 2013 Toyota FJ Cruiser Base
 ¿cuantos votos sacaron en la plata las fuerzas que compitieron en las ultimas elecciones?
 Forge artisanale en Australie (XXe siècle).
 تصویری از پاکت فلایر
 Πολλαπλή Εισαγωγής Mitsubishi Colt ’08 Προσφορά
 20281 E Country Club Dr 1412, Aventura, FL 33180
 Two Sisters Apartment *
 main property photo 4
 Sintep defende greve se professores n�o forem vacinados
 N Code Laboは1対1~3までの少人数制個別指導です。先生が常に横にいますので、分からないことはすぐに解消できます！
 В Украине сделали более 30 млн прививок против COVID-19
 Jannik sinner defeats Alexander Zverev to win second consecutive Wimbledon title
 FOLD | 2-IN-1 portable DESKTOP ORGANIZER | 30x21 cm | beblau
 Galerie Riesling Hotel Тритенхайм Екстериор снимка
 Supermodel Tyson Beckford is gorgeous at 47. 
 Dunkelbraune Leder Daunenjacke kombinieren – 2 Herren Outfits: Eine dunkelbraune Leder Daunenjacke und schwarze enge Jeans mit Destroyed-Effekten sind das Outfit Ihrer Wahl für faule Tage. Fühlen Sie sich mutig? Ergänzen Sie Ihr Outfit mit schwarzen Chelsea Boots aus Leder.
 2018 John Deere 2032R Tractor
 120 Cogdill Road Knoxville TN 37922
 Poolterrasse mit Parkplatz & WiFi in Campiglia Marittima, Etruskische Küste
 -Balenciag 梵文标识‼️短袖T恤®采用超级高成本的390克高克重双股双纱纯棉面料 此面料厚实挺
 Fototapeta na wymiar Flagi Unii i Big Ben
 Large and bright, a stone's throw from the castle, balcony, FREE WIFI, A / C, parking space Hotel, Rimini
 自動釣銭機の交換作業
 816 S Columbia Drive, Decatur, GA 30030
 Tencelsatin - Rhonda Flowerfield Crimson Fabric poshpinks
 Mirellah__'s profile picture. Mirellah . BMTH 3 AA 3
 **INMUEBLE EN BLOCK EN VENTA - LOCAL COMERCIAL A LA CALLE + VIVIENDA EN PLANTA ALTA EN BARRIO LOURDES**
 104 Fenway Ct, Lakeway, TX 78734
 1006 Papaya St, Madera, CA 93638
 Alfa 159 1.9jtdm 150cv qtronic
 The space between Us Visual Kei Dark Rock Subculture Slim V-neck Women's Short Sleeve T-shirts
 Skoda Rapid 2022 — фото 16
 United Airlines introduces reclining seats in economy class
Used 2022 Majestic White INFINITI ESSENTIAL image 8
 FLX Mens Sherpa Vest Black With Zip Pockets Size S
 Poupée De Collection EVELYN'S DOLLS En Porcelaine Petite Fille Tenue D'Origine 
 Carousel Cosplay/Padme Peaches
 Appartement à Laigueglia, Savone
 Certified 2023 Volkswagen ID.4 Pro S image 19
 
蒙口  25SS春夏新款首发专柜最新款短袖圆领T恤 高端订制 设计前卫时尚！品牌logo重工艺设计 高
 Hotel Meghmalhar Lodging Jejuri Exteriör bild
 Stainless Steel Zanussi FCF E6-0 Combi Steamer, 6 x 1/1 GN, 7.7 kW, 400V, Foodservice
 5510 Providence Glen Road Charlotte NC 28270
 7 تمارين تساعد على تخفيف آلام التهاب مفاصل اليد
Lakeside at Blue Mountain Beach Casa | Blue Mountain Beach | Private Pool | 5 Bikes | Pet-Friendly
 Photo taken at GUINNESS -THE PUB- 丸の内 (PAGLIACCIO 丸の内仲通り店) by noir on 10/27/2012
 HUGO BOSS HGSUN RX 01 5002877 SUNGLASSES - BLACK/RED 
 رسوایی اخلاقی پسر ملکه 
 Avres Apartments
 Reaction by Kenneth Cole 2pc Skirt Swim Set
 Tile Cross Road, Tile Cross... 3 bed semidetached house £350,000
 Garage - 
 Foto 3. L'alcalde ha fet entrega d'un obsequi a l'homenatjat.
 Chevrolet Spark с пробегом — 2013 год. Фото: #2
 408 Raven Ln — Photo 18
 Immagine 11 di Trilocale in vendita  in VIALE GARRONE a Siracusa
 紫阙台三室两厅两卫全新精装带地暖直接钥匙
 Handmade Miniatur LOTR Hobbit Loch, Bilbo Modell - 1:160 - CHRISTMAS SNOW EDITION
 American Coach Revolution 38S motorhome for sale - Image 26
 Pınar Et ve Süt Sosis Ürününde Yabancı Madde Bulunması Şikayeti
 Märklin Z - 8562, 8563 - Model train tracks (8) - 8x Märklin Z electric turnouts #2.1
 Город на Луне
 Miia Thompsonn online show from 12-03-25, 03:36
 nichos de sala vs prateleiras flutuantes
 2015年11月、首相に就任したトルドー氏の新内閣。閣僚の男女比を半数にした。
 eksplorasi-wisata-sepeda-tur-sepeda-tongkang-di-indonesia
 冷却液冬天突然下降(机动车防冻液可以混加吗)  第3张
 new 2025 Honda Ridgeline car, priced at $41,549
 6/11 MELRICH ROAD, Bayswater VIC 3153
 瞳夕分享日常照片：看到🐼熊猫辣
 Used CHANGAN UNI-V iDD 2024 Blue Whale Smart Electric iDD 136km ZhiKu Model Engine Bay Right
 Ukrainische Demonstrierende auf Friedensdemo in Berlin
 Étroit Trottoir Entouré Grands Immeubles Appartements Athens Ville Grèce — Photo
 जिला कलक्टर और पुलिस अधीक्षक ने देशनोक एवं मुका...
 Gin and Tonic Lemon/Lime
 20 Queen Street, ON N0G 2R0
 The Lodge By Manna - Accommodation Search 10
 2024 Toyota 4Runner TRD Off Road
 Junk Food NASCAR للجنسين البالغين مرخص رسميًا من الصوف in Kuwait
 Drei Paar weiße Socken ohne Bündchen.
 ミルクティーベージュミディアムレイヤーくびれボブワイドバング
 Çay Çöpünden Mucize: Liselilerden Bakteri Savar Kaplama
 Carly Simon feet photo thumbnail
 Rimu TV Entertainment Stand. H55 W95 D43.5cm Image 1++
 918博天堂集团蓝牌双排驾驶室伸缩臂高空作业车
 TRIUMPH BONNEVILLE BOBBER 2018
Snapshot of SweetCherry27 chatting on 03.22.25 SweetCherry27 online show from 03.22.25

Work item: What is needed is a word-for-word restatement of all the data.

Task response:
 2013 Toyota FJ Cruiser Base
 ¿cuantos votos sacaron en la plata las fuerzas que compitieron en las ultimas elecciones?
 Forge artisanale en Australie (XXe siècle).
 تصویری از پاکت فلایر
 Πολλαπλή Εισαγωγής Mitsubishi Colt ’08 Προσφορά
 20281 E Country Club Dr 1412, Aventura, FL 33180
 Two Sisters Apartment *
 main property photo 4
 Sintep defende greve se professores n�o forem vacinados
 N Code Laboは1対1~3までの少人数制個別指導です。先生が常に横にいますので、分からないことはすぐに解消できます！
 В Украине сделали более 30 млн прививок против COVID-19
 Jannik sinner defeats Alexander Zverev to win second consecutive Wimbledon title
 FOLD | 2-IN-1 portable DESKTOP ORGANIZER | 30x21 cm | beblau
 Galerie Riesling Hotel Тритенхайм Екстериор снимка
 Supermodel Tyson Beckford is gorgeous at 47. 
 Dunkelbraune Leder Daunenjacke kombinieren – 2 Herren Outfits: Eine dunkelbraune Leder Daunenjacke und schwarze enge Jeans mit Destroyed-Effekten sind das Outfit Ihrer Wahl für faule Tage. Fühlen Sie sich mutig? Ergänzen Sie Ihr Outfit mit schwarzen Chelsea Boots aus Leder.
 2018 John Deere 2032R Tractor
 120 Cogdill Road Knoxville TN 37922
 Poolterrasse mit Parkplatz & WiFi in Campiglia Marittima, Etruskische Küste
 -Balenciag 梵文标识‼️短袖T恤®采用超级高成本的390克高克重双股双纱纯棉面料 此面料厚实挺
 Fototapeta na wymiar Flagi Unii i Big Ben
 Large and bright, a stone's throw from the castle, balcony, FREE WIFI, A / C, parking space Hotel, Rimini
 自動釣銭機の交換作業
 816 S Columbia Drive, Decatur, GA 30030
 Tencelsatin - Rhonda Flowerfield Crimson Fabric poshpinks
 Mirellah__'s profile picture. Mirellah . BMTH 3 AA 3
 **INMUEBLE EN BLOCK EN VENTA - LOCAL COMERCIAL A LA CALLE + VIVIENDA EN PLANTA ALTA EN BARRIO LOURDES**
 104 Fenway Ct, Lakeway, TX 78734
 1006 Papaya St, Madera, CA 93638
 Alfa 159 1.9jtdm 150cv qtronic
 The space between Us Visual Kei Dark Rock Subculture Slim V-neck Women's Short Sleeve T-shirts
 Skoda Rapid 2022 — фото 16
 United Airlines introduces reclining seats in economy class
Used 2022 Majestic White INFINITI ESSENTIAL image 8
 FLX Mens Sherpa Vest Black With Zip Pockets Size S
 Poupée De Collection EVELYN'S DOLLS En Porcelaine Petite Fille Tenue D'Origine 
 Carousel Cosplay/Padme Peaches
 Appartement à Laigueglia, Savone
 Certified 2023 Volkswagen ID.4 Pro S image 19
 
蒙口  25SS春夏新款首发专柜最新款短袖圆领T恤 高端订制 设计前卫时尚！品牌logo重工艺设计 高
 Hotel Meghmalhar Lodging Jejuri Exteriör bild
 Stainless Steel Zanussi FCF E6-0 Combi Steamer, 6 x 1/1 GN, 7.7 kW, 400V, Foodservice
 5510 Providence Glen Road Charlotte NC 28270
 7 تمارين تساعد على تخفيف آلام التهاب مفاصل اليد
Lakeside at Blue Mountain Beach Casa | Blue Mountain Beach | Private Pool | 5 Bikes | Pet-Friendly
 Photo taken at GUINNESS -THE PUB- 丸の内 (PAGLIACCIO 丸の内仲通り店) by noir on 10/27/2012
 HUGO BOSS HGSUN RX 01 5002877 SUNGLASSES - BLACK/RED 
 رسوایی اخلاقی پسر ملکه 
 Avres Apartments
 Reaction by Kenneth Cole 2pc Skirt Swim Set
 Tile Cross Road, Tile Cross... 3 bed semidetached house £350,000
 Garage - 
 Foto 3. L'alcalde ha fet entrega d'un obsequi a l'homenatjat.
 Chevrolet Spark с пробегом — 2013 год. Фото: #2
 408 Raven Ln — Photo 18
 Immagine 11 di Trilocale in vendita  in VIALE GARRONE a Siracusa
 紫阙台三室两厅两卫全新精装带地暖直接钥匙
 Handmade Miniatur LOTR Hobbit Loch, Bilbo Modell - 1:160 - CHRISTMAS SNOW EDITION
 American Coach Revolution 38S motorhome for sale - Image 26
 Pınar Et ve Süt Sosis Ürününde Yabancı Madde Bulunması Şikayeti
 Märklin Z - 8562, 8563 - Model train tracks (8) - 8x Märklin Z electric turnouts #2.1
 Город на Луне
 Miia Thompsonn online show from 12-03-25, 03:36
 nichos de sala vs prateleiras flutuantes
 2015年11月、首相に就任したトルドー氏の新内閣。閣僚の男女比を半数にした。
 eksplorasi-wisata-sepeda-tur-sepeda-tongkang-di-indonesia
 冷却液冬天突然下降(机动车防冻液可以混加吗)  第3张
 new 2025 Honda Ridgeline car, priced at $41,549
 6/11 MELRICH ROAD, Bayswater VIC 3153
 瞳夕分享日常照片：看到🐼熊猫辣
 Used CHANGAN UNI-V iDD 2024 Blue Whale Smart Electric iDD 136km ZhiKu Model Engine Bay Right
 Ukrainische Demonstrierende auf Friedensdemo in Berlin
 Étroit Trottoir Entouré Grands Immeubles Appartements Athens Ville Grèce — Photo
 जिला कलक्टर और पुलिस अधीक्षक ने देशनोक एवं मुका...
 Gin and Tonic Lemon/Lime
 20 Queen Street, ON N0G 2R0
 The Lodge By Manna - Accommodation Search 10
 2024 Toyota 4Runner TRD Off Road
 Junk Food NASCAR للجنسين البالغين مرخص رسميًا من الصوف in Kuwait
 Drei Paar weiße Socken ohne Bündchen.
 ミルクティーベージュミディアムレイヤーくびれボブワイドバング
 Çay Çöpünden Mucize: Liselilerden Bakteri Savar Kaplama
 Carly Simon feet photo thumbnail
 Rimu TV Entertainment Stand. H55 W95 D43.5cm Image 1++
 918博天堂集团蓝牌双排驾驶室伸缩臂高空作业车
 TRIUMPH BONNEVILLE BOBBER 2018
Snapshot of SweetCherry27 chatting on 03.22.25 SweetCherry27 online show from 03.22.25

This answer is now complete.